- **Task objective**
Return the data below unaltered, but strip out the pictures.

- **Excerpted records**
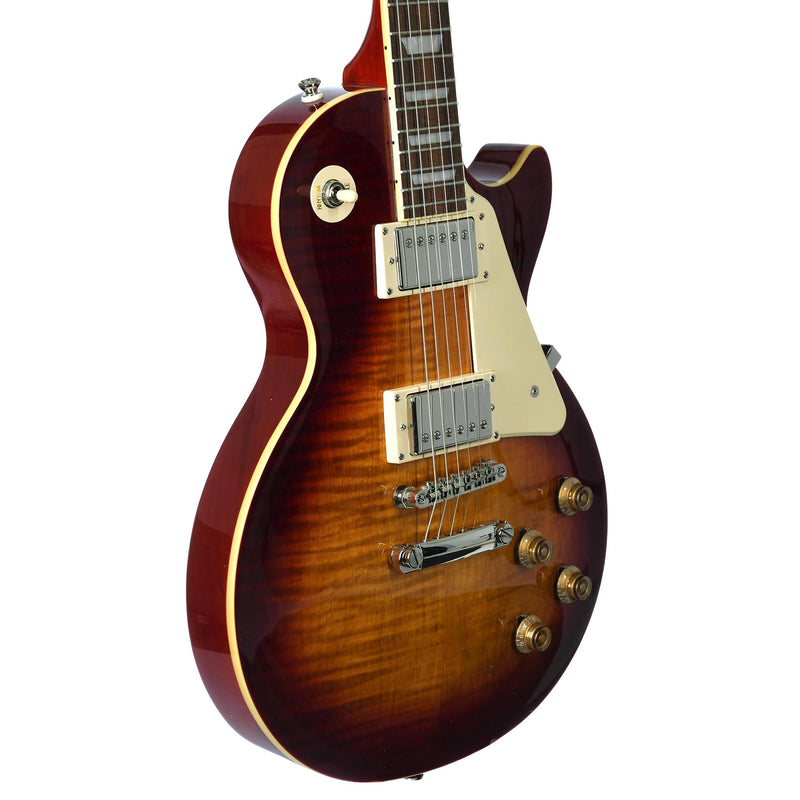 Epiphone EILS5HSNH1 Les Paul Standard 50s Heritage Cherry Sunburst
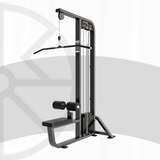 Cost effective Highly Efficient Fitness Machine Commercial Gym Machine HB012 Lat Pulldown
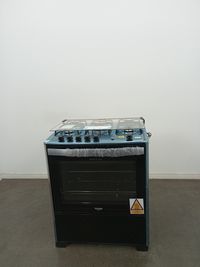 Fogao Dako Magister 5 Bocas - Inox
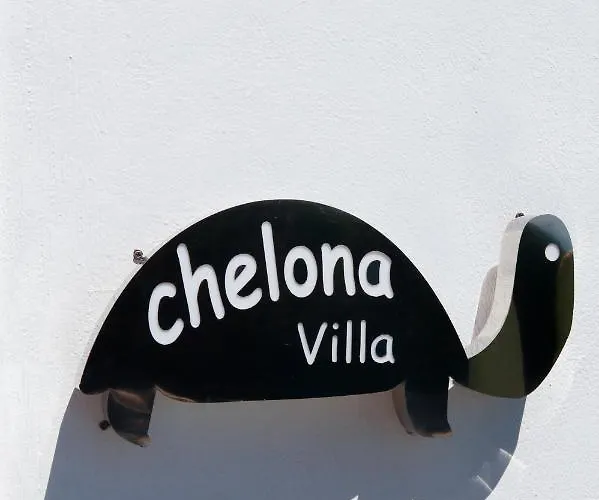 Hotel Christou Estate & 3*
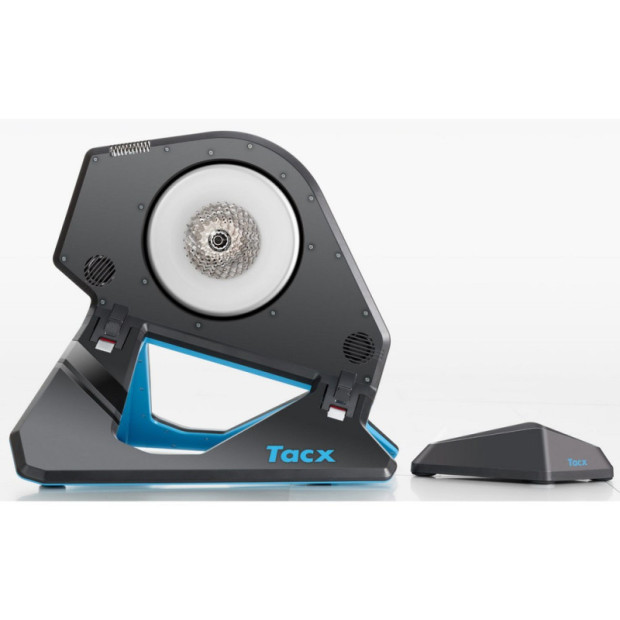 Home Trainer Tacx NEO 2T Smart - T2875 + Pack Bundle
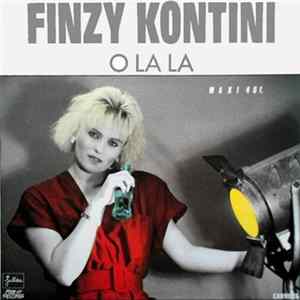 Download Finzy Kontini - O La La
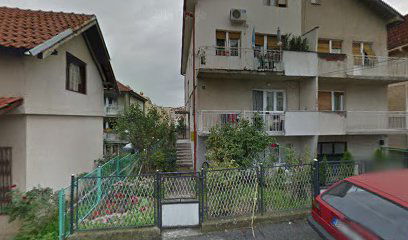 Žarkovo Sandžaka 5c stan 5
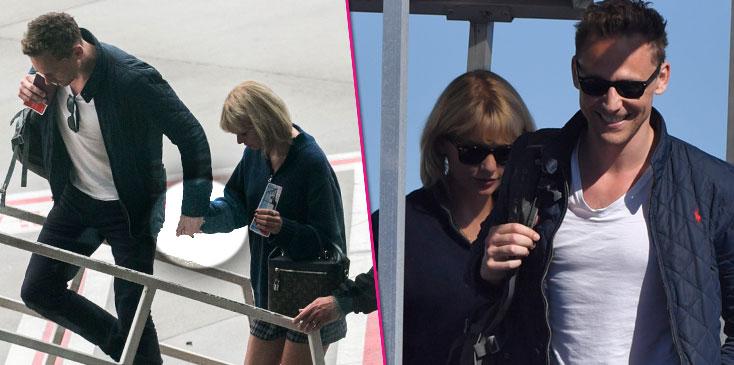 taylor swift tom hiddleston sydney australia holding hands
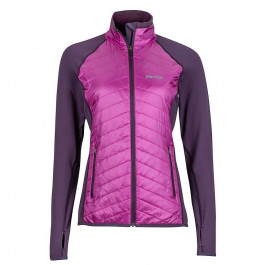 Marmot Куртка  Wm's Variant Jacket 89870 L Nightshade/Purple Orchid (1033-MRT 89870.6932-L)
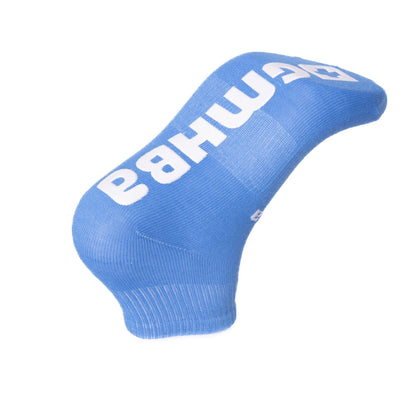 Snazzy Custom Short Gripper Socks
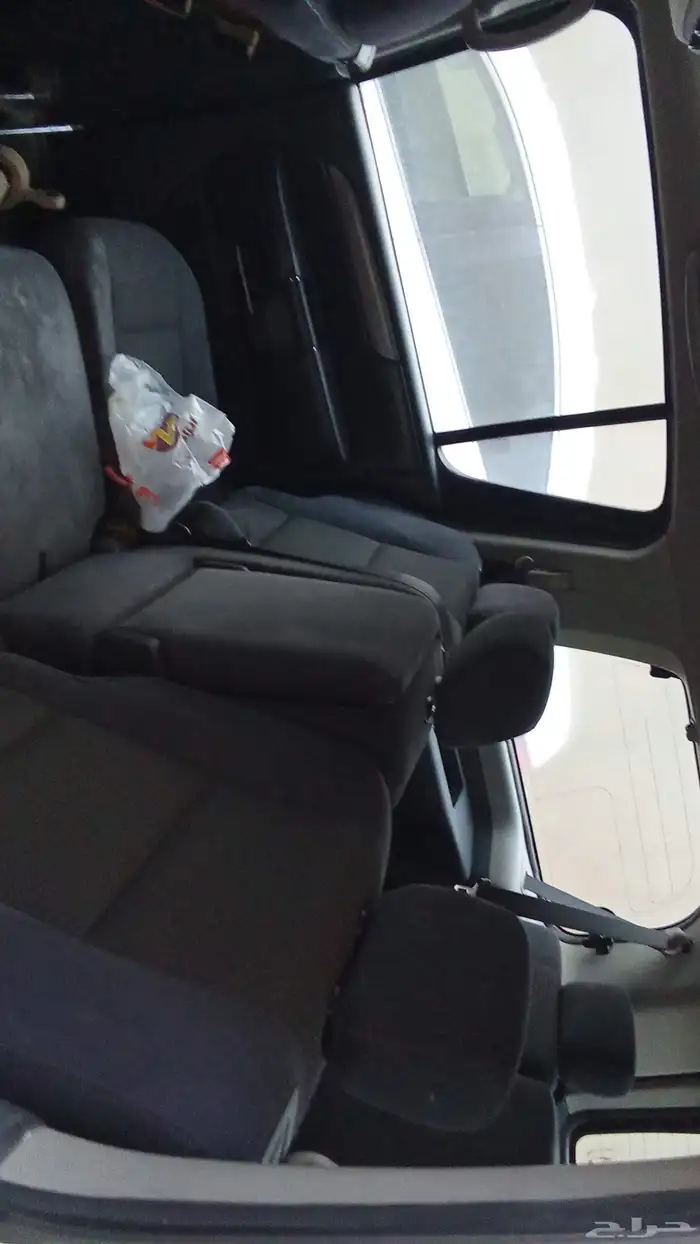 ارمادا موديل 2008 مستخدم للبيع 3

- **Response to the task**
 Epiphone EILS5HSNH1 Les Paul Standard 50s Heritage Cherry Sunburst
 Cost effective Highly Efficient Fitness Machine Commercial Gym Machine HB012 Lat Pulldown
 Fogao Dako Magister 5 Bocas - Inox
 Hotel Christou Estate & 3*
 Home Trainer Tacx NEO 2T Smart - T2875 + Pack Bundle
 Download Finzy Kontini - O La La
 Žarkovo Sandžaka 5c stan 5
 taylor swift tom hiddleston sydney australia holding hands
 Marmot Куртка  Wm's Variant Jacket 89870 L Nightshade/Purple Orchid (1033-MRT 89870.6932-L)
 Snazzy Custom Short Gripper Socks
 ارمادا موديل 2008 مستخدم للبيع 3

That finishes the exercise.